Shooty score: 4/5 Kicky score 2.5/5
Enjoy with: a bold and spicy Zinfandel. Don’t worry about the tannins; you’ll be smacking your lips to test the elasticity of your face anyway.

Get a peach, stick it in your mouth and start sucking. I’ll tell you when to stop.

“Face/Off” is a welcome cinematic gift pitting two Hollywood heavyweights against each other in a torrent of bullets and explosions. At its heart, it’s a film about revenge.
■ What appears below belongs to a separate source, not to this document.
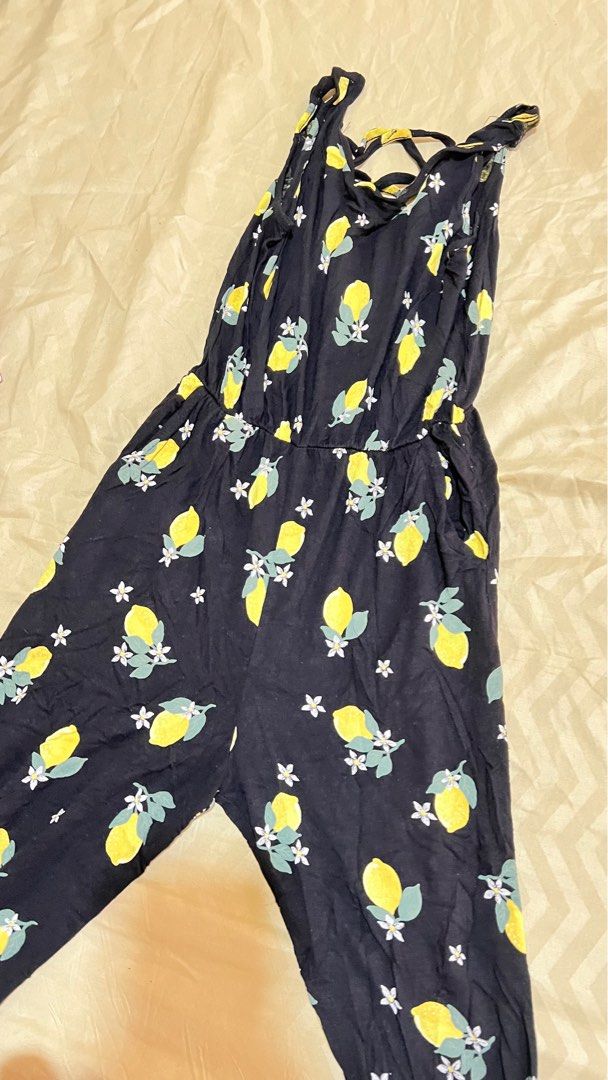 H & M dress (Category: Dresses) located in Las Pinas. Submitted by declutterthing09 (Listing ID 1324174107, Image 3). Description: 50 each.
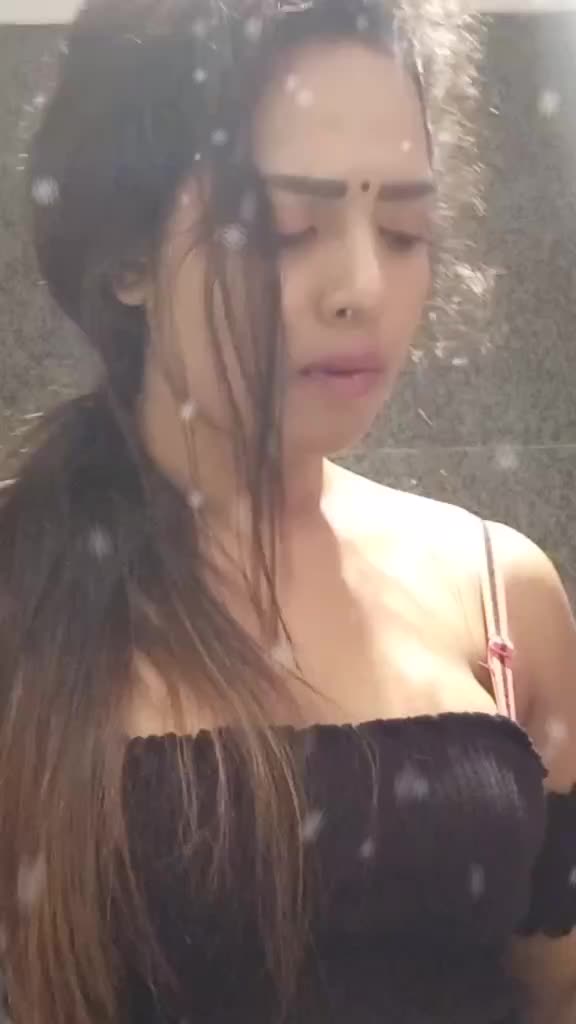 @TINA_PIKU_SARDAR634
On the surface, it’s about who can play a wide-eyed, shit-losing, psychopath the best.

Based on an original screenplay by Mike Werb (The Mask, Lara Croft: Tomb Raider) and Michael Colleary (Lara Croft: Tomb Raider), “Face/Off” is a sci-fi action thriller about a disgruntled cop and an assassin swapping faces and dick game.

The film starts with a misty flashback where Castor Troy (Nicholas Cage), attempts to kill Sean Archer (John Travolta) as he rides a unicorn – god bless the 90s- and accidentally-on-purpose murders Archer’s blonde-haired, blue-eyed son.
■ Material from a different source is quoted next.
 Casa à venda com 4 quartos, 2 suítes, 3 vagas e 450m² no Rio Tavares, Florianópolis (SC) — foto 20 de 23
Fast forward six years and Archer is pacing his F.B.I office, while Troy is elsewhere impersonating a priest. Straight off the bat, the film makes a point of exaggerating the differences between these two. Archer, the family man F.B.I agent, versus Troy a bomb planting molester, with a healthy appetite for peaches.

Shouting, singing, and skipping his way through his best life, Cage’s performance as a professional murder-pervert is so corny and shallow that it’s incredible. It’s such a joy to watch him unfold as a clichéd evil archetype – who smokes, does the drugs and wears silk – that it’s a shame he’s interrupted by Archer and his F.B.I army. Mid tongue suck, Cage swaps his superficial evil ticks and enters full murder-mode.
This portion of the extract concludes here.